H.264 is the state-of-the-art video encoding standard. It doubles the bit rate savings provided by MPEG-2, which means a reduction around 100 times of the video stream without subjective decrease of quality. These incredible results are due to an intensive computation of various mathematical techniques. The implementation of such efficient algorithms results in very complex digital systems that are hard to design.
Nevertheless, following the tendencies of complex digital systems design, we must employ a SoC methodology in order to achieve such implementation and to respect time budgets. In this approach, the system is divided in subparts, that are designed independently but using standard interfaces. Good documentation, correct test environment and a well-known standard interface will certainly make the integration of the modules easier.
This paper presents a hardware implementation of an H.264 decoder with a SoC approach. The design was intended to operate over an IBM CoreConnect bus structure. A first part, presenting the modules with high performance constraints, was completely designed and packaged as a PLB IP. The hardware IP was completely designed and prototyped on a Digilent board containing a Virtex II Pro FPGA. A second part, still under construction, is being developed as software components making use of a PowerPC embedded microprocessor. This first version decodes only I-frames of high definition videos, but it still has some performance degradation due to integration process.
2. SoC Methodology
In order to make possible the realization of complex designs meeting a decreasing time-to-market, it is necessary a new approach, called reuse-based design. It means an approach where the designer works on a high level of abstraction, and builds the system with functional modules. These components can be developed by another team or bought from a component provider.

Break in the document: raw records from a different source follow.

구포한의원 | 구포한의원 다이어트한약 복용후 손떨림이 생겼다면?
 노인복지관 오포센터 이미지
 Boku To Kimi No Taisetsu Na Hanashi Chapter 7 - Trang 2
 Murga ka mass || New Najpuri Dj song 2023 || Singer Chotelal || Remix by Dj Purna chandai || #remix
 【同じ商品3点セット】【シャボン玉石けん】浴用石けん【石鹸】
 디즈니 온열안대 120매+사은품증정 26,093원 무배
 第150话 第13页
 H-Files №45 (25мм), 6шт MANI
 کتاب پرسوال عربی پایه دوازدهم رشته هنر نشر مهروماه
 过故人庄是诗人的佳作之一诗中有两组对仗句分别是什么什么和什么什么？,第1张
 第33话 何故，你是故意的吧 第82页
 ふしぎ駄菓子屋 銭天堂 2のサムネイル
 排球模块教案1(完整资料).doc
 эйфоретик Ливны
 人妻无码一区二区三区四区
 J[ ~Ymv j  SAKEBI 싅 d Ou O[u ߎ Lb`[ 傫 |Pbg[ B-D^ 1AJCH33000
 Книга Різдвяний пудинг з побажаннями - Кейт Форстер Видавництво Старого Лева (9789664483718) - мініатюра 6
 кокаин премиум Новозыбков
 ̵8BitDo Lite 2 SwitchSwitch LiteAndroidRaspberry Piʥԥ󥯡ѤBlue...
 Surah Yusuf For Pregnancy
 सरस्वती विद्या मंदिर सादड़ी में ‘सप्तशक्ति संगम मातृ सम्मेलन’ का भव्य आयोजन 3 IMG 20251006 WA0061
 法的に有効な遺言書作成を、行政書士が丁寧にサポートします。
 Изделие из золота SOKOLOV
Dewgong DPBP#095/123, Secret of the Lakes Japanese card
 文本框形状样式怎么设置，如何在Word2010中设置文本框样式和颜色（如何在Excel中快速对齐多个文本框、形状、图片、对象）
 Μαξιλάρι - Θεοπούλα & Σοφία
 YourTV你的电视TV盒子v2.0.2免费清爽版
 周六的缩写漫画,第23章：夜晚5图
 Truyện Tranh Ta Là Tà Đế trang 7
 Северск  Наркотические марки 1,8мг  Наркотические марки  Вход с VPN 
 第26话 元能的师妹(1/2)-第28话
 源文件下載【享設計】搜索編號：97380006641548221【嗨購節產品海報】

A SoC methodology is used by the system integrator, and it is mainly composed by the following steps [Keating, 2002]: specification, behavioral model, behavioral refinement and test, hardware/software decomposition (partitioning), hardware architecture model specification, hardware architecture model refinement and test (hardware/software co-design) and specification of the implementing blocks.
In this paper a SoC methodology is used to describe the H.264 decoder design. Nevertheless, after the specification of the implementing blocks, it is necessary to develop its modules since they are not available.
2.1 Hardware/Software Co-Design
It is usual to implement a system as cooperating hardware and software modules, i.e. hardware modules working together with a general purpose processor running some software routines. Such approach allows the elaboration of a complete test and debug platform for the hardware development. Once the platform was chosen, it is possible to use the embedded processor to run a monitoring application that can provide inputs to the hardware architecture and observe its behavior on-the-fly, as the hardware was in a real execution situation.
When the hardware is ready to use and after the system software application is written no more monitoring application is needed and the entire system is complete.
3. H.264 Decoder Overview
Digital video storage and transmission demand data compression. Video signals generate a huge amount of data for the available storage space/transmission bandwidth. Then, we need a codec (enCOder/DECoder) pair, where the encoder converts the source information in a compressed form before being transmitted or stored, and the decoder is responsible to convert the compressed information in video information again, ready to be displayed by a raster display.
H.264 algorithm (ITU-T, 2003) was conceived to explore redundancies between successive frames and between blocks within a frame, using inter and intraframe prediction, a DCT-based transform and an entropy mechanism to compress video data. There are a huge number of operations, so processing high definition videos in real-time is only achieved by a hardware implementation.
Figure 1 presents an overview of H.264 decoder. Most important modules are shown: entropy decoder, inverse transform and quantization, intraframe prediction, motion compensation and deblocking filter (ITU-T, 2003). The H.264 encoder is much more complex than the decoder, because it has to explore all the possibilities in a way to find the best choice for every macroblock of every frame. Consequently, the decoder has mechanisms to reconstruct the video content based on parameters sent by the encoder.
Figure 1 H.264 Decoder Overview
Intraframe prediction exploits spatial redundancy, i.e. it is responsible to reduce the amount of data looking for similarities of regions of a frame. Motion compensation exploits temporary redundancy, i.e. the similarities between regions of sequential frames. In order to avoid big differences between the original frame and the intra or inter predictions, their difference (also called residue) is sent too, but encoded by the transform/quantization engine. The resultant stream is passed through an entropy encoder, which exploits statistical redundancy. It set a symbol for each group of data and the more probable is the group smaller will be the symbol (Richardson, 2003). The following subsections present a brief description of each part of the decoder.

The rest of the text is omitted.